User Guide: Contrast two Datasets given a Target Concept

This document explains how this Shiny visualization tool works. It is recommended to understand the "Top Associated Concepts with a Target Concept" tool (see documentation) before starting with this one.

Summary

This tool is intended to contrast two datasets in order to emphasize how they differ the most. It presents the user with a list of concepts associated with a chosen target concept, ordered according to the difference in association strength between two selected datasets, with the concepts with the highest difference shown at the top. Thus the user is able to visualize the concepts which have a very high association strength in the first dataset but a very low one in the second one.

This comparison is meant to detect concepts which are susceptible to have a meaningful relationship with the target concept, but this relationship has been "overlooked" in the literature. The method relies on the assumption that concepts relationships which are well studied are strongly associated even if considering only abstracts at the sentence level, which correspond to the most restrictive type of literature data available. By contrast, the full articles by paper are the least retrictive in terms of volume and diversity of relationships captured. Therefore it is assumed that two concepts which have a strong association in the latter (full articles) but are absent or have a weak association in the former (abstracts) are a good candidate as an overlooked relationship: the relationship is not well studied otherwise it would be found in the abstracts, and it is significant otherwise it would not have a strong association in the full articles.

Essentially, this tool attempts to simulate the process of a human expert going through the list of top associated concepts from the full articles (as can be done with the previous tool) and extracting the relationships considered non-obvious and potentially candidates for further investigation.

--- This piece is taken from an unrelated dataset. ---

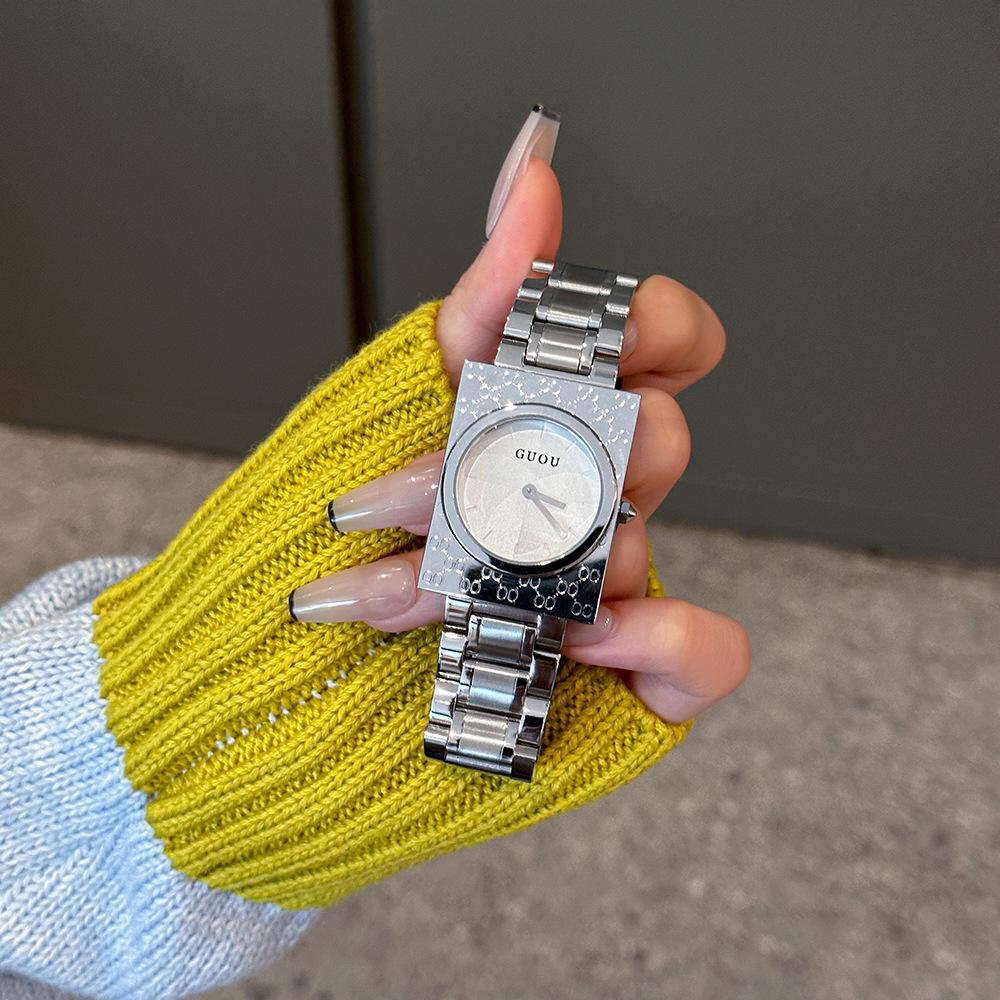 Новые женские часы, простые, универсальные, легкие и роскошные, кварцевые часы, застежка-бабочка, стальной ремешок, маленькие квадратные часы
Новые женские часы, простые, универсальные, легкие и роскошные, кварцевые часы, застежка-бабочка, стальной ремешок, маленькие квадратные часы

The frequency filters min joint freq in dataset 1 and max joint frequency in dataset 2 play an important role in the selection of the associated concepts shown in the results. Intuitively, the former allows the user to adjust the generality level while the latter is used to adjust the contrast level. The tool is designed to let the user find the "sweet spot" for these parameters so that the output contains exploitable concepts, i.e. points to relationships which are relevant, non-obvious and good candidates for further study.

Data

This tool uses the same type of data as the "Top Associated Concepts with a Target Concept" tool, please refer to its documentation for details about the data). However, while the previous tool was based on a single dataset, the present one is based on comparing two datasets against each other. The comparison is not symetrical, because the system selects concepts which satisfy these two conditions:

The concept has a high association strength with the target in the first dataset,
The concept has a low association strength or is not associated at all with the target in the second dataset.

The tool is intended to be used with a high-coverage first dataset and a restrictive second dataset. By construction, the data obtained from abstracts only contains less but more reliable co-occurrences between concepts, whereas the articles only data contains more but less reliable co-occurences and the abstracts+articles contains all the co-occurrences. Also by contruction, the level by sentence is much more restrictive and more accurate than the level by paper, since the former captures only co-occurences in a sentence while the latter also considers co-occurrences of concepts which appear far away from each other in a document.

Target Selection

The user can select a target concept among a predefined list of ND concepts.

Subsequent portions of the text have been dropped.